DREAM Act Protest at Senator Dianne Feinstein's Office Will Likely Lead to Arrests [Updated]
Senator Dianne Feinstein is the co-sponsor of the DREAM Act, yet today she is the target of a protest about it outside her Westwood office. It's the same group that shut down Wilshire Boulevard last week and this morning they held a press conference as four students began a sit-in inside the lobby.
The act would basically enable children under the age of 16 brought by their parents to the U.S. illegally to gain citizenship by completing high school and then doing college or military service for two years. Many believe it's necessary since the children were forced to cross the border.
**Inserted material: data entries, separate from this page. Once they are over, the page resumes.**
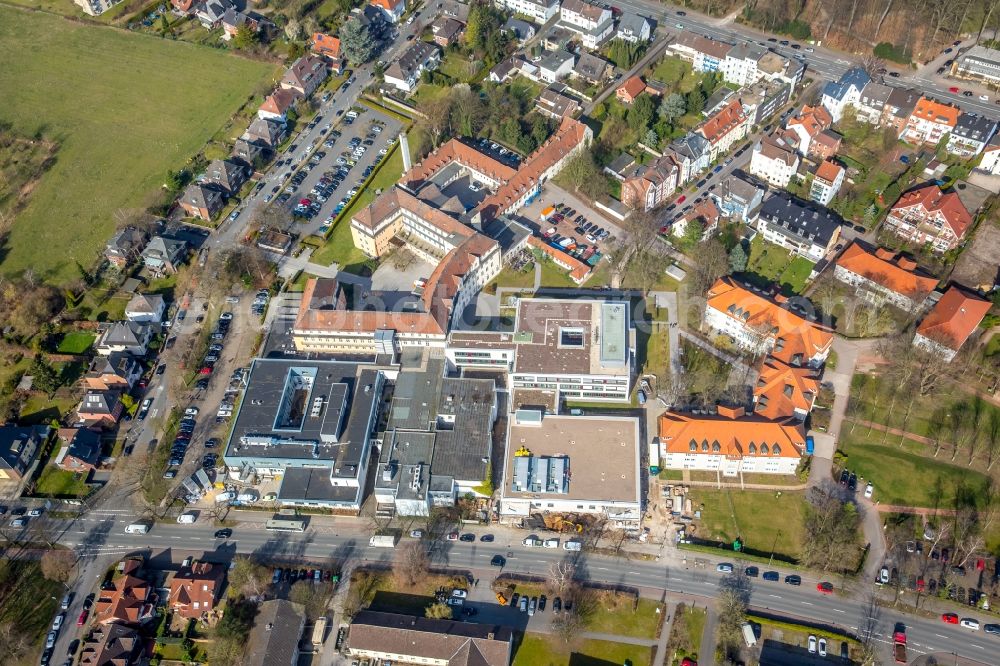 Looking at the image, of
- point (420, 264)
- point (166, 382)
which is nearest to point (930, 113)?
point (420, 264)

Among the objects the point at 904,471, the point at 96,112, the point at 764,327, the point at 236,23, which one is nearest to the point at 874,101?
the point at 764,327

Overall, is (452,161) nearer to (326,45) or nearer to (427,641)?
(326,45)

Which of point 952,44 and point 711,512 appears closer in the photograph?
point 711,512

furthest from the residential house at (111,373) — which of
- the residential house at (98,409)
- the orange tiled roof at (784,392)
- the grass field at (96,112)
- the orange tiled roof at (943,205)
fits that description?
the orange tiled roof at (943,205)

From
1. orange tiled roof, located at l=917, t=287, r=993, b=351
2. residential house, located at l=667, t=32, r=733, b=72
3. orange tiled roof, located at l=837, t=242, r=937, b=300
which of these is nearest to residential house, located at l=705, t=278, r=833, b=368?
orange tiled roof, located at l=837, t=242, r=937, b=300

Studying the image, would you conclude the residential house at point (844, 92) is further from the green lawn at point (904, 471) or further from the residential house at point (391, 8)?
the residential house at point (391, 8)

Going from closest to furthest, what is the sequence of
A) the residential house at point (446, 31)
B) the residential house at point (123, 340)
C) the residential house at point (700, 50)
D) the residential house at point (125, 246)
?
the residential house at point (123, 340)
the residential house at point (125, 246)
the residential house at point (700, 50)
the residential house at point (446, 31)

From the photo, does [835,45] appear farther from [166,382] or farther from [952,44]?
[166,382] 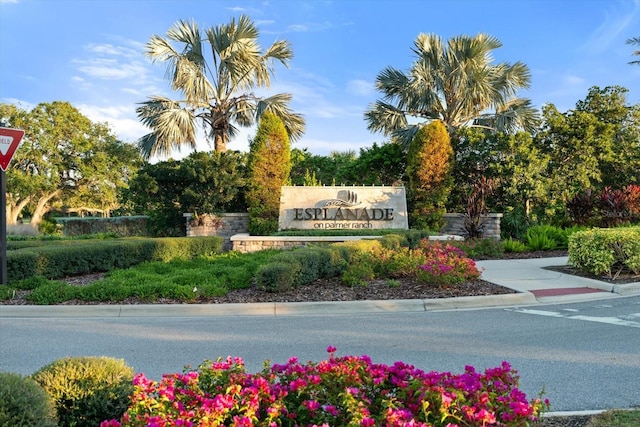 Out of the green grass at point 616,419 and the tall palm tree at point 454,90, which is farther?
the tall palm tree at point 454,90

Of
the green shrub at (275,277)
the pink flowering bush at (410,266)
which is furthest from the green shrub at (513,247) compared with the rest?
the green shrub at (275,277)

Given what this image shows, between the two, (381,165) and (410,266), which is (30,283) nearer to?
(410,266)

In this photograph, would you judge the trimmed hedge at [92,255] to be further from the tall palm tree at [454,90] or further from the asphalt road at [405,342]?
the tall palm tree at [454,90]

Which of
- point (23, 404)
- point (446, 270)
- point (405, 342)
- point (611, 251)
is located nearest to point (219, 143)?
point (446, 270)

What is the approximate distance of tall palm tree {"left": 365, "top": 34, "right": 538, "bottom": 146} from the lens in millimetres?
20547

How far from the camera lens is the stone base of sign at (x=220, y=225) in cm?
1886

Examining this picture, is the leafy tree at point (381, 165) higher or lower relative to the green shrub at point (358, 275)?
higher

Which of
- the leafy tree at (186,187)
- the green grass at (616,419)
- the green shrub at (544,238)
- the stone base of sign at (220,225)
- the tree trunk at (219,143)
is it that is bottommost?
the green grass at (616,419)

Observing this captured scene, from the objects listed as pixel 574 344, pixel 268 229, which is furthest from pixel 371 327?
pixel 268 229

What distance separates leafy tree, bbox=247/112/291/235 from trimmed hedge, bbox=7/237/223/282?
4.67m

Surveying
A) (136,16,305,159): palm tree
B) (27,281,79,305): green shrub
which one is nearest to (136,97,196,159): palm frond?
(136,16,305,159): palm tree

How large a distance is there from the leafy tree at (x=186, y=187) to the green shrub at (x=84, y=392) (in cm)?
1524

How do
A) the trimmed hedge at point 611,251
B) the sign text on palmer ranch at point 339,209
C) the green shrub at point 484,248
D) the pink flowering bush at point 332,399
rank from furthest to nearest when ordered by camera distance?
the sign text on palmer ranch at point 339,209, the green shrub at point 484,248, the trimmed hedge at point 611,251, the pink flowering bush at point 332,399

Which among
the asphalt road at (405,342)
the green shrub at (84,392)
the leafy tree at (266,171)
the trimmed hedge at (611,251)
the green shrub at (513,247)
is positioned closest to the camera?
the green shrub at (84,392)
The four sit-in protestors plan on being arrested if their demands -- bring the DREAM Act to the Senate floor now -- are not met [Update: Arrests were made around 1:15 p.m.]. "She's the chair of the Judiciary Committee and the bill is in that committee right now," explained one of the organizers, who wished to remain anonymous because of their job [Update: Feinstein is actually the chair of the Intelligence Committee, but is a member of the Judiciary Committee] . "We're calling on her to move that bill out of that committee and onto the floor as a stand alone bill."
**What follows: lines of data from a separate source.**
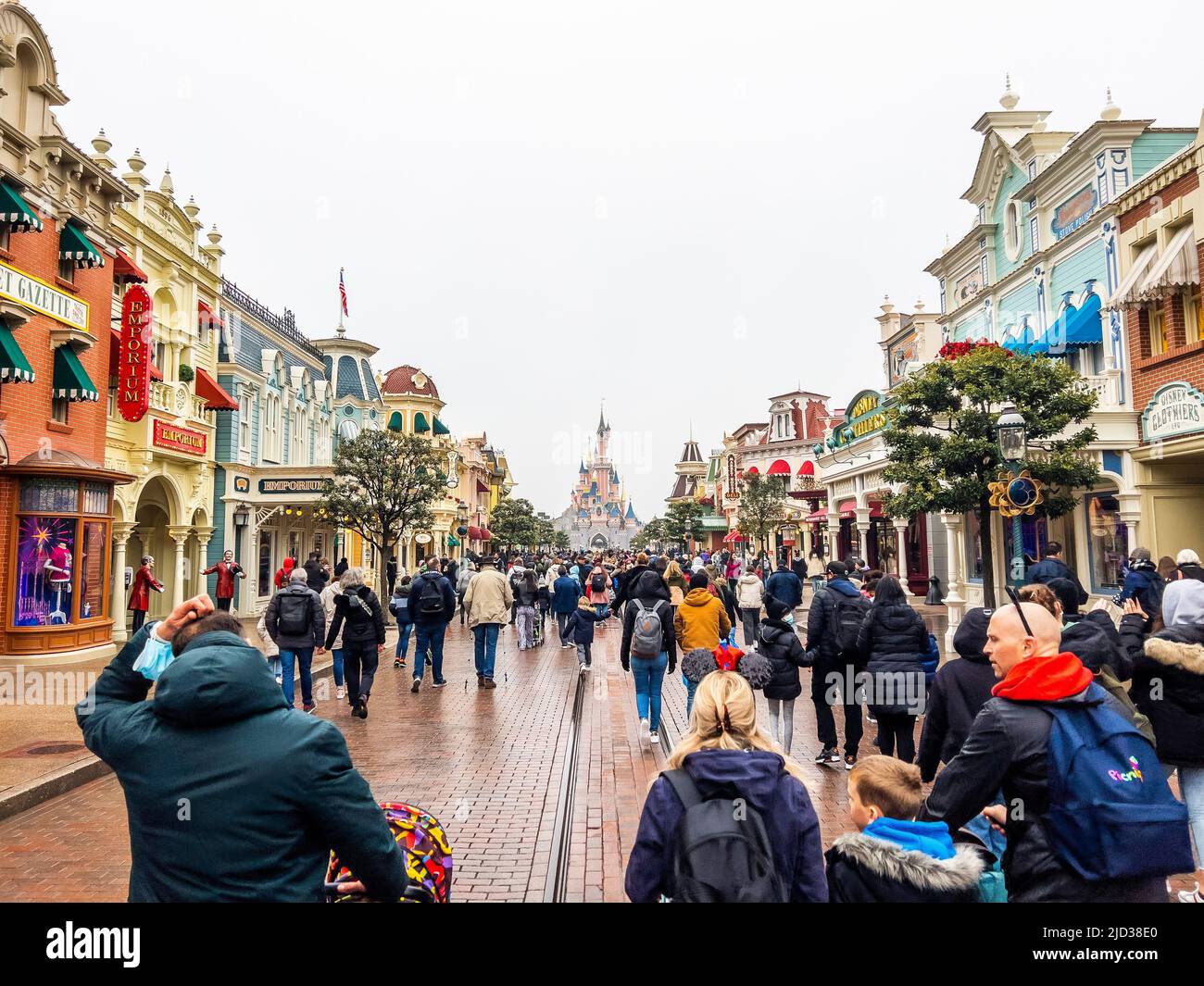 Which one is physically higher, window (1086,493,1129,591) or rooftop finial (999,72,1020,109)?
rooftop finial (999,72,1020,109)

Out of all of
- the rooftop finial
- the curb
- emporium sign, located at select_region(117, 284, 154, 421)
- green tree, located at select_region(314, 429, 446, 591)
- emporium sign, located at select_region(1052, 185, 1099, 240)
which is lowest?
the curb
At this point, there are no plans to do that, explained a spokesperson for Feinstein, who introduced the DREAM Act in 2003. "It doesn't make a lot of sense to protest against someone who has been there, working on this issue since the beginning," said Gil Duran from his Washington D.C. office.
Feinstein is also a supporter of comprehensive immigration and protestors today are worried that by folding the DREAM Act into that, it will further delay the bill into reality. "We believe our community needs a victory and that victory should be the DREAM Act moving forward in 2010," said the organizer.
Others believe there are still not enough votes and that holding off is the best strategy.
The LAPD was notified of the protest shortly before 11:15 a.m. "We're there to just keep the peace and see what happens," said Officer Rosario Herrera, who said there had been no arrests as of noon.
For the record: An earlier version of this story incorrectly said to gain citizenship, students would have to complete two years of high school, college or military service. They basically would have to complete high school and then go for a college degree or join the military.